Em “Tartarugas podem voar”, temos a orfandade representativa das crianças refugiadas: elas simbolizam o próprio Curdistão órfão de território, negligenciado pelas potências mundiais e regionais do Oriente Médio. Porém, ainda que abandonadas à própria sorte, inclusive tendo membros do corpo mutilados pelos espólios da guerra, essas mesmas crianças – e esse mesmo Curdistão – existem e resistem, ainda que desamparados. Laços e afetos, união entre os membros da comunidade e uma política interna calcada na “autogestão” são características do convívio entre essas crianças que operam como personagens reais da narrativa do filme e do povo curdo.
Além das metáforas, tais crianças desempenham os papéis de suas próprias vidas. Também representam as vivências do próprio diretor Bahman Ghobadi, que afirma elencar em suas obras crianças que o fazem lembrar de si mesmo. Segundo Kelen Pessuto (2017), embora esteja lado a lado com a guerra, a pobreza e a exclusão, se trata de uma infância característica de seu contexto, lugar e período histórico. Ou seja, é uma infância distinta da imaginada no Ocidente, porém, ainda é uma infância, entre tantos tipos de infâncias.
Ao lado desses não atores infantis, as terras repletas de minas, as tendas de refugiados, os tanques de guerra, os vendedores de armas e os morteiros que Ghobadi mostra em seus filmes são reais, muitas vezes naquele exato estado em que são apresentados no filme. Portanto, vemos no cinema curdo a materialização dos elementos que Andréa França (2003) atribui ao “cinema de fronteira”, como a “sua possibilidade de revelar a alteridade, permitir o acesso a mundos, mesmo longínquos, e a comunicação e a participação de experiências múltiplas” (FRANÇA, 2003, p. 111).

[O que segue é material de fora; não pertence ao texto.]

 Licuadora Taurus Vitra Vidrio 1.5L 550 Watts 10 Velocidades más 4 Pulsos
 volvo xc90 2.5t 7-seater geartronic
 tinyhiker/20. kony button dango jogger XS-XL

Este modo de se comunicar converge com as reflexões acerca do imperialismo estadunidense – em um contexto de orientalismo e eurocentrismo – e do papel da informação, além da insurreição da identidade curda. Levando em conta as reflexões citadas, pretendemos realizar a análise do filme em questão não somente no âmbito estético e cinematográfico, mas de acordo com o contexto em que está inserido, dado a sua relevância.
Bibliografia
- DIDI-HUBERMAN, G. Quando as imagens tomam posição. Belo Horizonte: UFMG, 2017.
FERRAZ, P. (Org.). A revolução ignorada: Liberação da mulher, democracia direta e pluralismo radical no Oriente Médio. São Paulo: Autonomia Literária, 2017.

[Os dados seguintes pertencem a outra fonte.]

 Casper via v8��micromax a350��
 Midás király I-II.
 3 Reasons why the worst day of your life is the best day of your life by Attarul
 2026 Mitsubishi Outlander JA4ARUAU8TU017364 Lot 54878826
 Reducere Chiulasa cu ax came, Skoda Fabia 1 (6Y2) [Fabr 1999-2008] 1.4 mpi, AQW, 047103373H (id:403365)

FRANÇA, A. Terras e fronteiras no cinema político contemporâneo. RJ: 7 Letras, 2003.
MELEIRO, A. O novo cinema iraniano: arte e invenção social. São Paulo: Escrituras Editora, 2006.
MELLO, J. G.; MIRANDA, J. S. Nascidos da Urgência: o relato ocidental sobre os curdos e a fabulação no documentário independente. Contracampo, Niterói, v. 41, n. 1, 2022, pp. 1-17.

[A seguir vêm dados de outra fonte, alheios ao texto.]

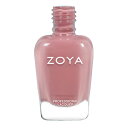 【期間限定クーポン配布中】ZOYA ゾーヤ ネイルカラー ZP879 15mL Jill ジル 自爪 の為に作られた ネイル にやさしい マニキュア zoya セルフネイル にもおすすめ 肌色 ピンク ベージュ モーヴ 人気色 トップ5 3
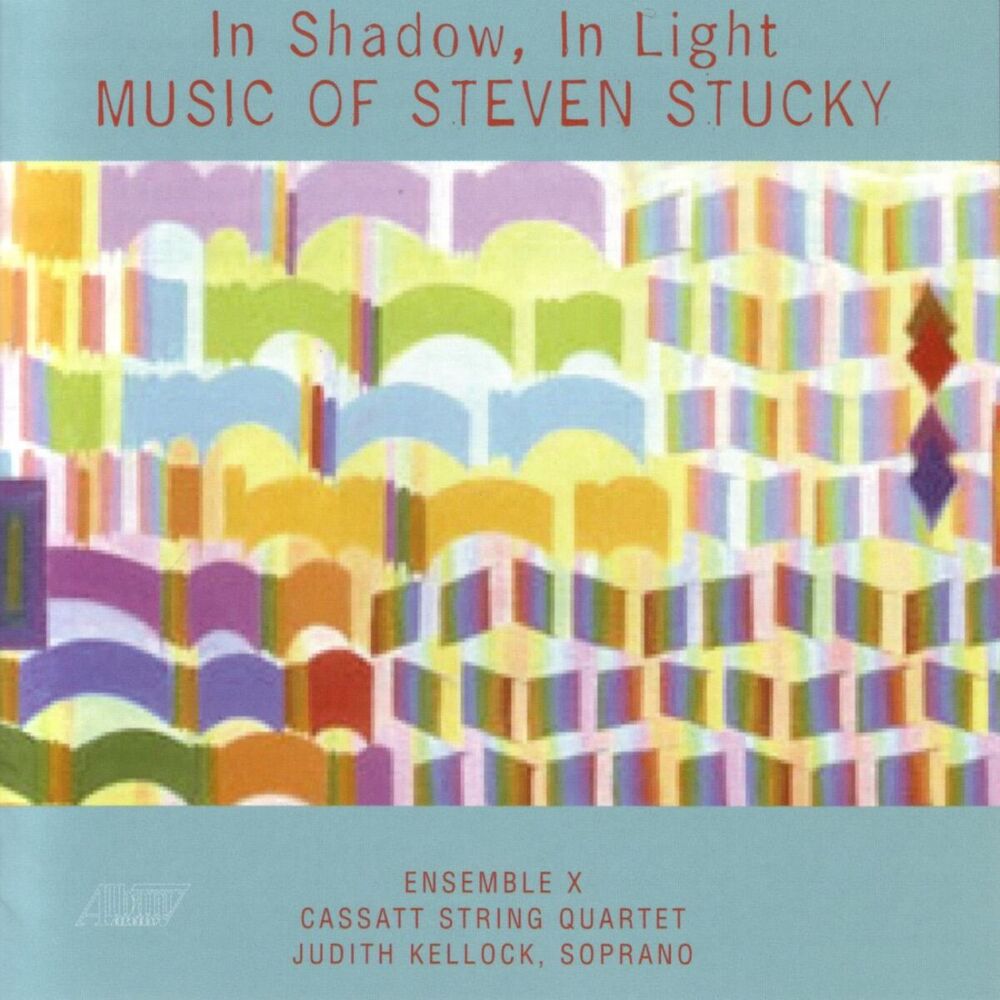 Picture of In Shadow, In Light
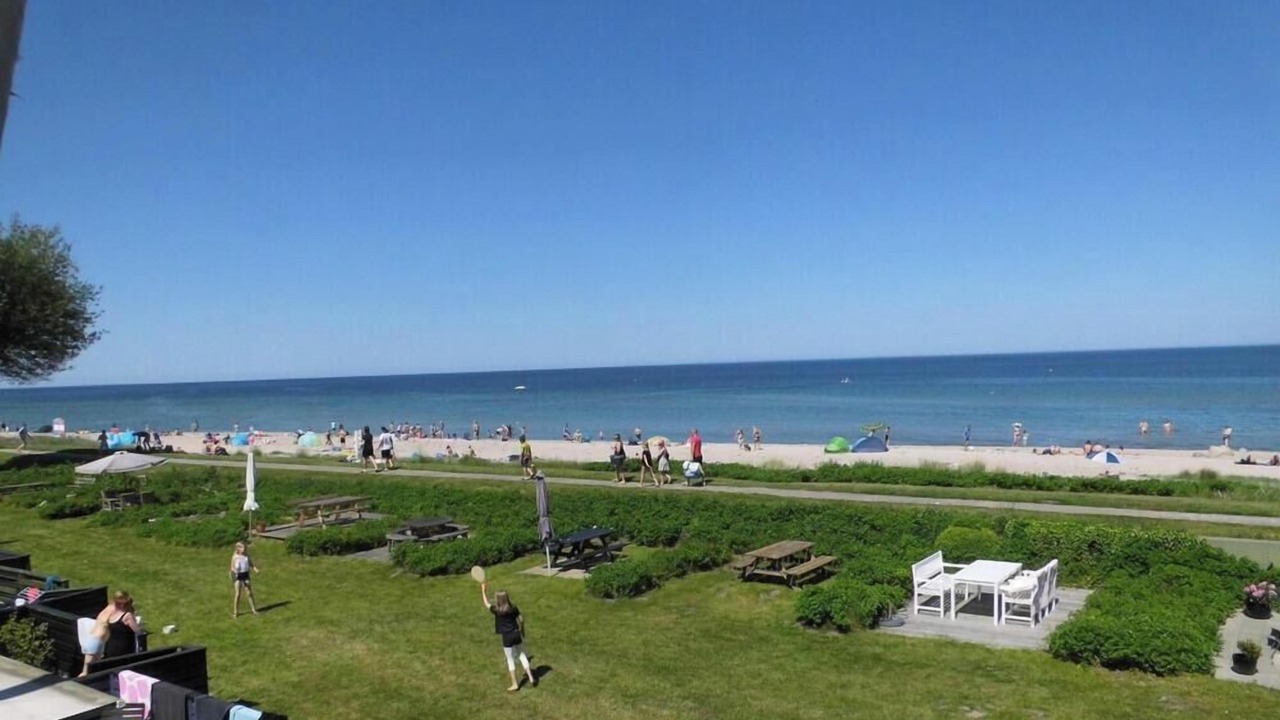Photo of Outdoor in Hasmark Strand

PESSUTO, K. Made in Kurdistan: Etnoficção, infância e resistência no cinema curdo de Bahman Ghobadi. 2017. 401 f. Tese de Doutorado – Faculdade de Filosofia, Letras e Ciências Humanas, Universidade de São Paulo, 2017.
RANCIÈRE, J. A fábula cinematográfica. Campinas: Papirus, 2013.
SAID, E. W. Orientalismo: O Oriente como invenção do Ocidente. São Paulo: Companhia das Letras, 1990.